### [DESCRIPTION OF THE TASK]
Retype the records in full, keeping each character as it is.

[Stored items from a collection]
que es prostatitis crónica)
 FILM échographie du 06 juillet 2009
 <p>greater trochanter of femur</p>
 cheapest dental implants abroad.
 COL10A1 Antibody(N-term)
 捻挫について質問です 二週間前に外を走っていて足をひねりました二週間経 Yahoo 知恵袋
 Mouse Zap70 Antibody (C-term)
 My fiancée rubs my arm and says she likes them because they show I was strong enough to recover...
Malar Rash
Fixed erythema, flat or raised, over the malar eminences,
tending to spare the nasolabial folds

### [ANSWER FOR THE TASK]
que es prostatitis crónica)
 FILM échographie du 06 juillet 2009
 <p>greater trochanter of femur</p>
 cheapest dental implants abroad.
 COL10A1 Antibody(N-term)
 捻挫について質問です 二週間前に外を走っていて足をひねりました二週間経 Yahoo 知恵袋
 Mouse Zap70 Antibody (C-term)
 My fiancée rubs my arm and says she likes them because they show I was strong enough to recover...
Malar Rash
Fixed erythema, flat or raised, over the malar eminences,
tending to spare the nasolabial folds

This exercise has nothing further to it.